The big one was because I was working for the business and had shares in it, but recently changed jobs so had to cash out of those shares. Recently moving to Melbourne decided to put some against the house and some back into other shares. Also will leave an amount aside for investment into another business or if opportunity knocks from somewhere else. TBA on that.

I'm comfortable with my diversification at the moment, but over the next 5-10 years will be putting additional into shares as well to level against too much property and try and get back to level pegging on those 2.

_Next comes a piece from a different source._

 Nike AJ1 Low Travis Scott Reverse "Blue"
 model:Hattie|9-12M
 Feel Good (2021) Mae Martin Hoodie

The share return sounds more impressive then it is, its good yes for sure but there is no way I will repeat it again, absolutely not, was very lucky in a few situations, everything came my way and I put my nuts on the line.. plus having shares in a business that you work for means you can increase value by working your @#%$ off. This is also one of the reasons I left, dont like having that hanging over your head when you are working - its not a good feeling IMHO...


----------



## VSntchr (12 January 2014)

matty77 said:


> plus having shares in a business that you work for means you can increase value by working your @#%$ off. This is also one of the reasons I left, dont like having that hanging over your head when you are working - its not a good feeling IMHO...

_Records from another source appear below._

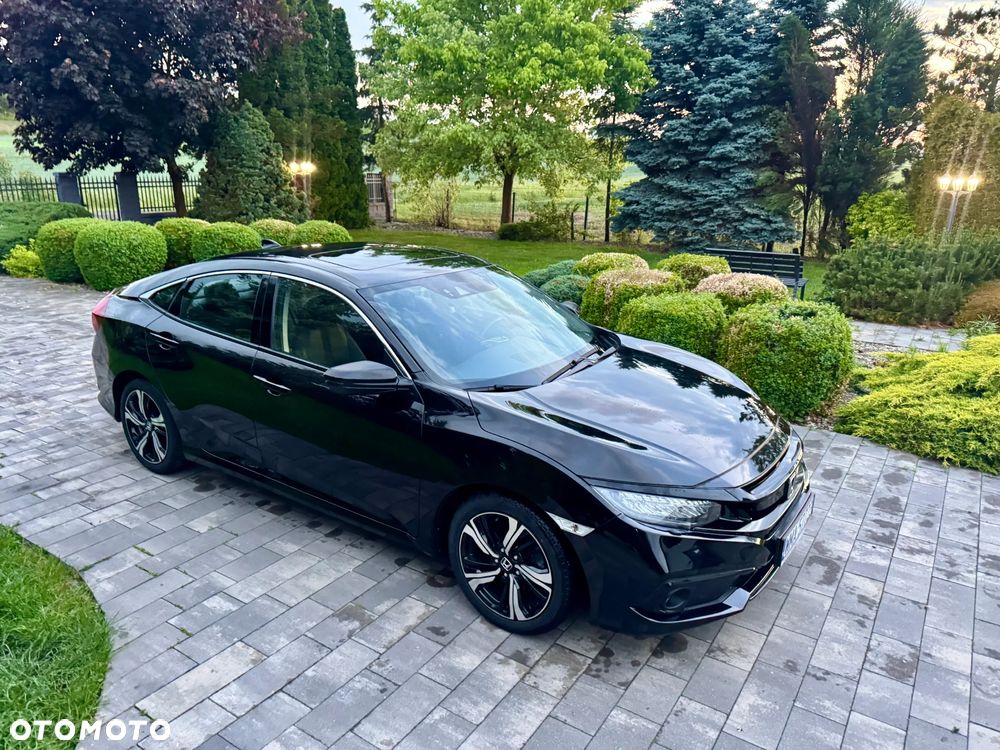 Honda Civic 1.5 i-VTEC Turbo CVT Executive - 2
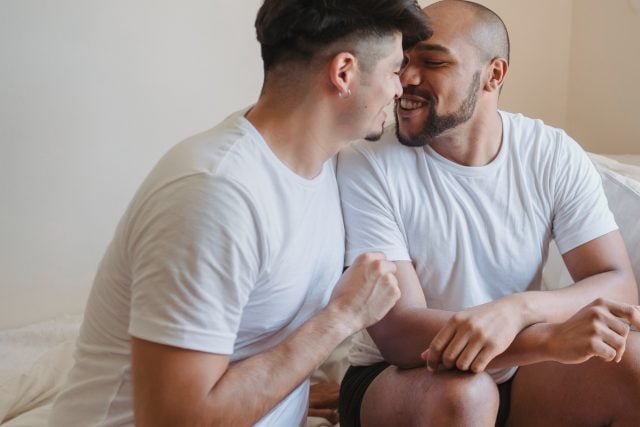 Couple gay s'embrassant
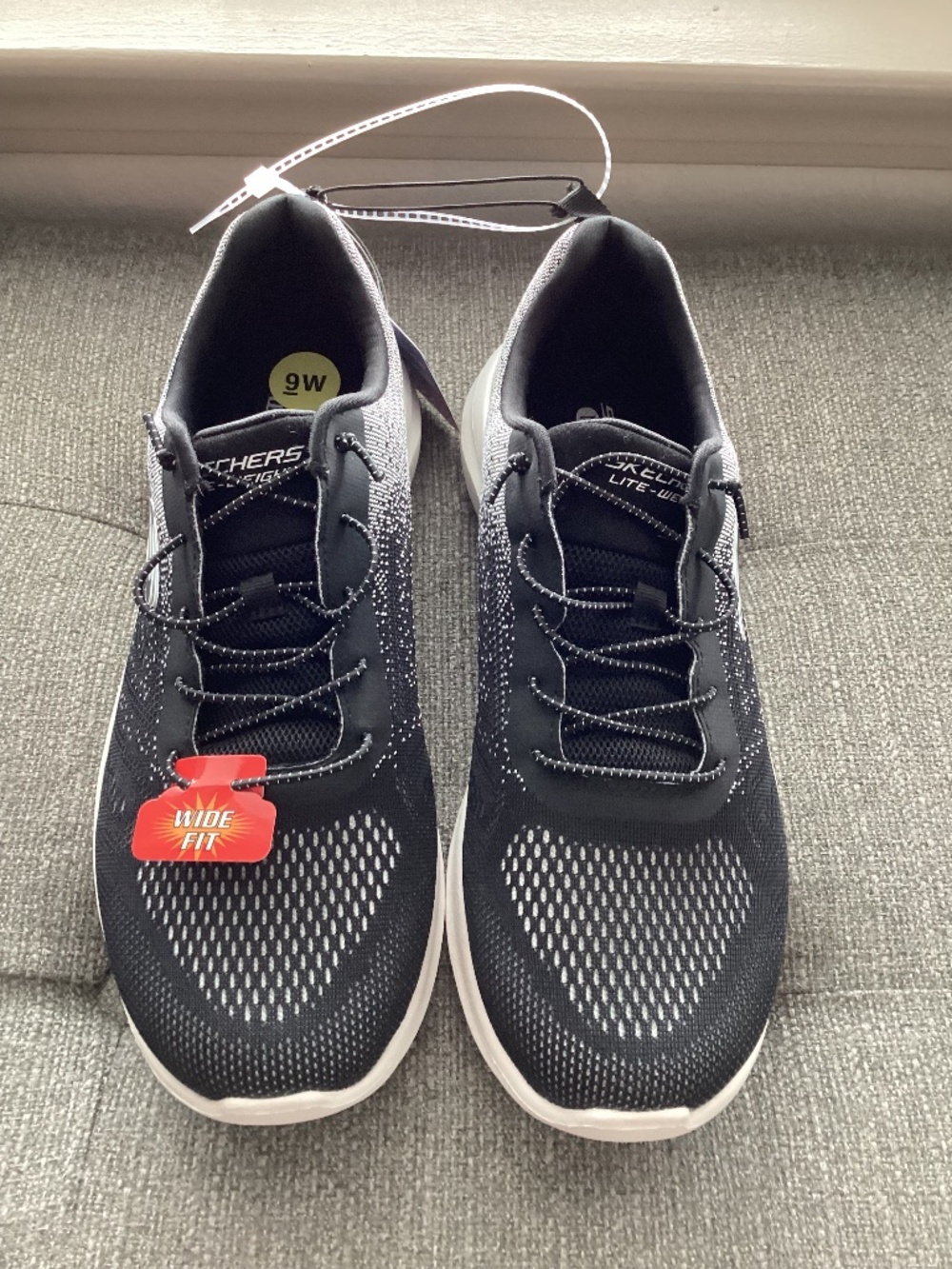 SKECHERS  Skech Lite Pro 2.0 Sneaker Wide fit, size 9W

Personally I have a complete opposite mantra and love nothing more than the motivation and satisfaction and eventual security that the above conditions would lead to.


----------



## galumay (13 January 2014)

matty77 said:


> T This is also one of the reasons I left, dont like having that hanging over your head when you are working - its not a good feeling IMHO...




I am with you there, did it once and at the end of the day its a conflict of interest, company's priority is always the shareholder interest and thats different to employee interest. I found I was sacrificing quality of life and family time and in reality the company didnt give a &$*% and were never going to reward me at shareholder's expense.

Its a clever ploy by big companies in particular, to try to get the employees to be shareholders and utilise the inherent conflict of interest to their advantage.


----------



## matty77 (13 January 2014)

yup 100% correct there.

its all good nowdays, new job, very happy! 

should have done it years ago..


----------



## AlterEgo (14 January 2014)

*1. How's your overall performance?*
I made a 59.6% return on my trading account equity over the course of 2013.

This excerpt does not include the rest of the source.